I also get a consistant 14+ and that towing my 6K# landscape trailer around for 3 days out of the week. I dont get on the highway very often but ill get about 18-20 cruisin at about 2000 RPMs (70mph).


----------



## NoFearDeere (Nov 7, 2005)

Stud Bro;425587 said:


> I also have a 4 inch turbo back exhaust and just a K&N filter insert i keep my programmer on the 100HP tune and i cant figure it out but i can sure blow out some great black smoke


The black smoke your shooting out is actually wasted fuel. Your basically throwing dollar bills out the exhaust! But even knowing that.....it doesnt stop me when i'm next to the little rice burners and take them off the line leaving them coughing in the smoke!!! My 6.0 gets about 10 pulling, 16 highway, city mileage is somewhere between those two. Good Luck!


----------



## shanta74 (Sep 10, 2007)

my uncle had a97 7.3 and he was getting about 17 mpg's now that he traded that in for his 06 6.0 automatic he isnt getting any thing beter than 14 mpg's.


----------



## Stud Bro (Oct 24, 2007)

I don't understand it if i run it in stock mode i get 10 to 12 and when I'm leaving black smoke in the 100 HP tune i get 12 to 14 and that can be towing or just highway. It doesn't make sense to me all i want is better mileage and i don't know where to start.


----------



## Nascar24 (Feb 11, 2006)

My Previous truck was 01 7.3L PSD with 3:73 gears, got 14 ish around town, towing about 10 ish and 19 ish highway running the sweet spot ( 65 mph @1750 rpm's) If I ran over the sweet spot I'd do 17ish at best.


----------



## NoFearDeere (Nov 7, 2005)

Nascar24;425938 said:


> My Previous truck was 01 7.3L PSD with 3:73 gears, got 14 ish around town, towing about 10 ish and 19 ish highway running the sweet spot ( 65 mph @1750 rpm's) If I ran over the sweet spot I'd do 17ish at best.
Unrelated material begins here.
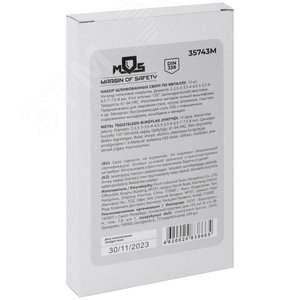 Набор сверл по металлу HSS шлифованные, титановое покрытие, угол заточки 135град, мет.бокс, 13 шт. (2-2,5-3-3,5-4-4,5-5-5,5-6-6,5-7-7,5-8 мм) - фото 3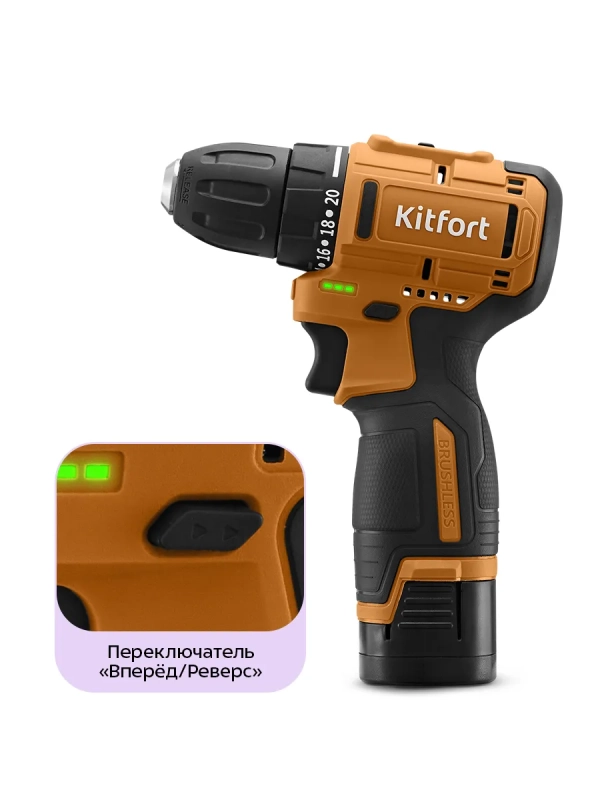 Аккумуляторная дрель-шуруповерт КТ-6504 Аккумуляторная дрель-шуруповерт КТ-6504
What do ya get now with the 6.7 Cummins?


----------



## jcesar (Sep 14, 2006)

call me crazy, but it works.

my 7.3 is getting 16 or so in town and 20 to 21 highway at 2k or under.

I have the 4" exhaust, with a superchips tuner, set in the tow haul safe mode, and I use bio performance in it.

Hauling my loader, I get about 12 to 13
13k lbs!!!


----------



## Pat M (Oct 19, 2005)

Take it off the 100hp setting. I don't which programmer you are using but if you can go down to either 45 or 60 hp try those then also stay off that right pedal. My 03 6.0 F250when it was stock ran around 17.5 - 18 mpg combined between highway and city. Put on a 4" tubo back exhaust and it stayed the same. Even using my Edge Juice with attitude I would leave it on the Level 3 Performance and it stayed around there. Then Ford started with their re-flashes and it went down to about 14.5-16 mpg combined. If you can adjust your fuel delivery I would adjust it to less smoke. Your turbo will have a slight lag time on it but you won't be dumping raw fuel straight out the back side. Does it look cool ya sure to you maybe but then you get those old farts and they just complain about it but your neighborhood fuel station will love you for it. 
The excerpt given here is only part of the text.